**Problem statement:**
In the records below, find the line with "Англия се изуми от 15-годишен", then retype it and every following line exactly, stopping after the line with "Вантажний фургон Opel Vivaro 2013 в Ірпені". Leave the pictures out.

**Material for this exercise:**
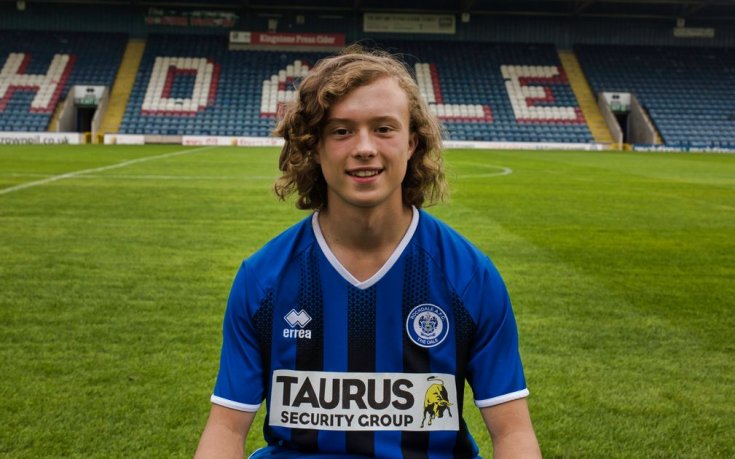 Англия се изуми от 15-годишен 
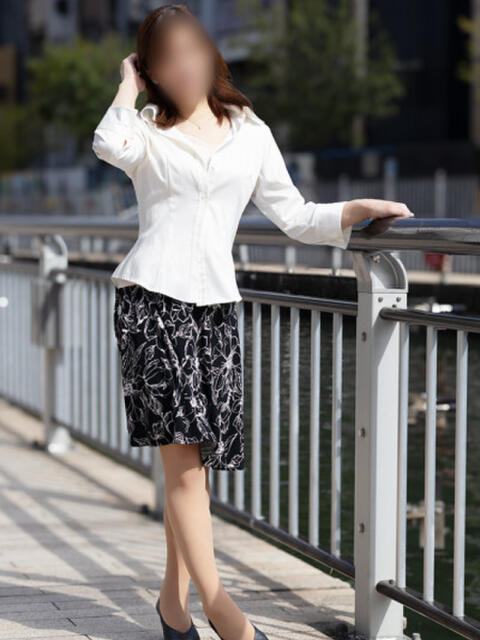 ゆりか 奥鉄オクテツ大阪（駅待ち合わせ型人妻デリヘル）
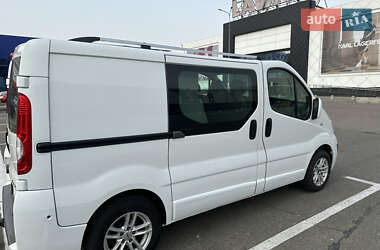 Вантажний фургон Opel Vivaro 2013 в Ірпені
==
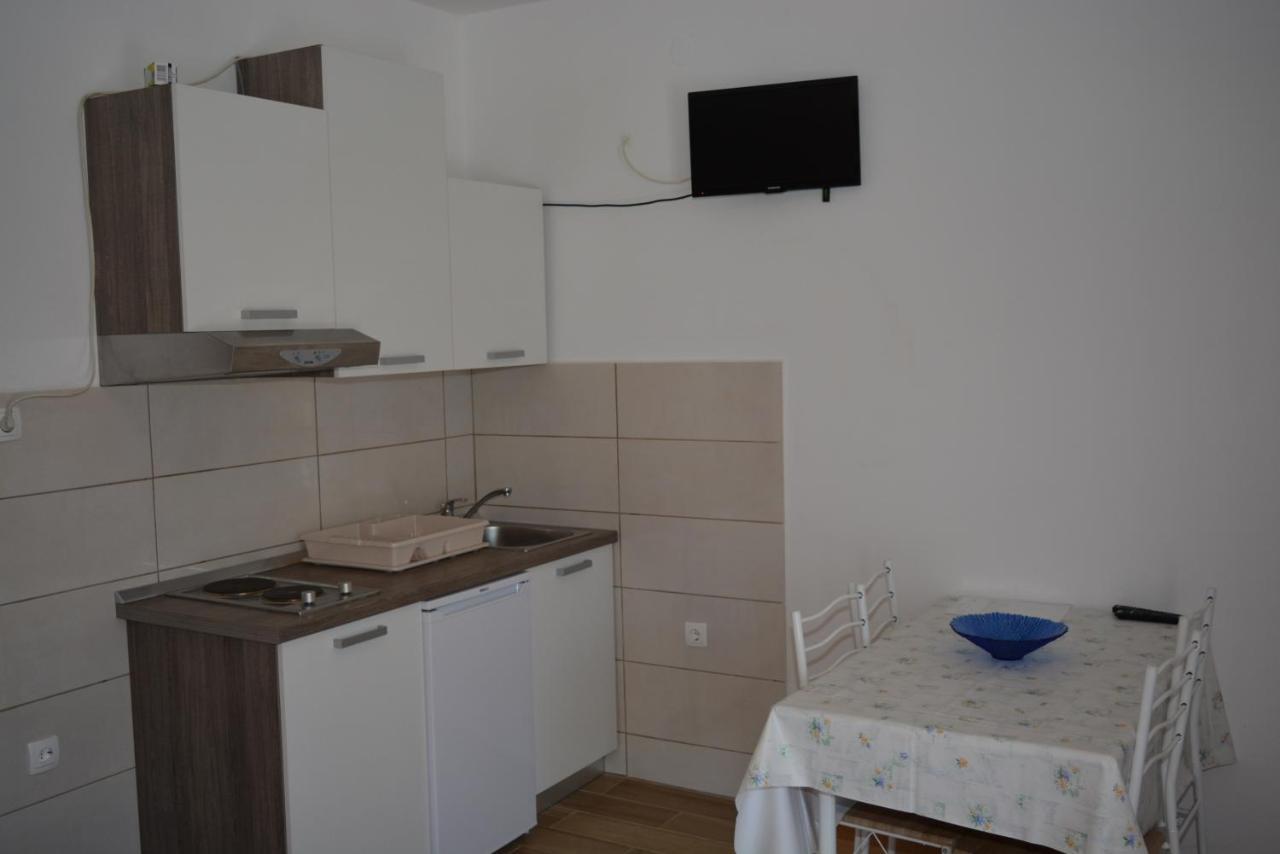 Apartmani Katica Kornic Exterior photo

**Solution for this task:**
 Англия се изуми от 15-годишен 
 ゆりか 奥鉄オクテツ大阪（駅待ち合わせ型人妻デリヘル）
 Вантажний фургон Opel Vivaro 2013 в Ірпені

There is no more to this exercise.